Heather Ann Thompson is the Frank W Thompson Collegiate Professor of History and Afroamerican and African Studies, and Professor in the Residential College at the University of Michigan.

Heather is also co-founder of the Carceral State Project and its multi-pronged Documenting Criminalization and Confinement research initiative the University of Michigan, and has been appointed to serve as well as a member of the standing Committee on Law and Justice of the National Academy of Sciences in Washington, DC.

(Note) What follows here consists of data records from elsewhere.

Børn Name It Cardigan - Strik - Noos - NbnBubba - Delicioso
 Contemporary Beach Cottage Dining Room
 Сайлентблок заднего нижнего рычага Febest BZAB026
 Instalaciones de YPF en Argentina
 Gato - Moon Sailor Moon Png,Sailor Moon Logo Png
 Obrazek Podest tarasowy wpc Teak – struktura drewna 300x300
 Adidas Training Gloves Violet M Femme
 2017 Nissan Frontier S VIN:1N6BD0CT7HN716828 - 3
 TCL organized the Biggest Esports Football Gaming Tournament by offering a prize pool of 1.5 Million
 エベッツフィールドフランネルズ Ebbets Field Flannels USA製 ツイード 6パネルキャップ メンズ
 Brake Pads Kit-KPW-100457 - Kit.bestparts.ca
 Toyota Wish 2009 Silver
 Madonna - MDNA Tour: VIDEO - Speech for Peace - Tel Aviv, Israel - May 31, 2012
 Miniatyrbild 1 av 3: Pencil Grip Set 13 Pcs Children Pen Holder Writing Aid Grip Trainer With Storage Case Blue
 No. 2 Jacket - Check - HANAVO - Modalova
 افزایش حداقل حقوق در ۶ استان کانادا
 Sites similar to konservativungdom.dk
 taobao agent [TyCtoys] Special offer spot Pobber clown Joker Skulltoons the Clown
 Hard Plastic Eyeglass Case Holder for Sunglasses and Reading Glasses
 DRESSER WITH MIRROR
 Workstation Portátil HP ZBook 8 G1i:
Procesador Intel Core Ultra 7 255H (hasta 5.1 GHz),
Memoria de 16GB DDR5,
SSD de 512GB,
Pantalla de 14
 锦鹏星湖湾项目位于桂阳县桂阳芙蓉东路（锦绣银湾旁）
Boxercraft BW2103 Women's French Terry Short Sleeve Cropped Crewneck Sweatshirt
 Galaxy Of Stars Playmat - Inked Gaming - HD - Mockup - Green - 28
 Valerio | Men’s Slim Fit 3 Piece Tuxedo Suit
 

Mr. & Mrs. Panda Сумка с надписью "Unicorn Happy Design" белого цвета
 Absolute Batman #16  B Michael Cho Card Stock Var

Heather is a historian, and is the Pulitzer Prize and Bancroft Prize-winning author of Blood in the Water: The Attica Prison Uprising of 1971 and Its Legacy (Pantheon Books, 2016). Blood in the Water won the Ridenhour Prize, the J. Willard Hurst Prize, the Public Information Award from the New York Bar Association, the Law and Literature Prize from the New York County Bar Association, the Media for a Just Society Award from the National Council for Crime and Delinquency, and the book also received a rarely-given Honorable Mention for the Silver Gavel Award from the American Bar Association.

Heather has written extensively on the history of policing, mass incarceration and the current criminal justice system.


Mariah Zeisberg is Associate Professor of Political Science and Director of Undergraduate Studies at the University of Michigan.

Mariah’s primary research interests lie in constitutional theory, philosophy of law, liberal and democratic theory, and American political development. She is interested in the challenge that subjectivity, pluralism, and conflict pose to liberal ideas about political authority, which she addresses through research specifically on US constitutional practice. Her book War Powers: The Politics of Constitutional Authority (Princeton University Press, 2013), develops an account of constitutional fidelity for the electoral branches.

Her current work explores the antislavery constitutional project. A recent piece, “Frederick Douglass and Constitutional Emergency: An Homage to the Political Creativity of Abolitionist Activism,” in States of Exception in American History (eds. Gary Gerstle & Joel Isaac, Chicago, 2020), explores Frederick Douglass’ constitutional politics in the context of the emergency of the 1850 Fugitive Slave Act.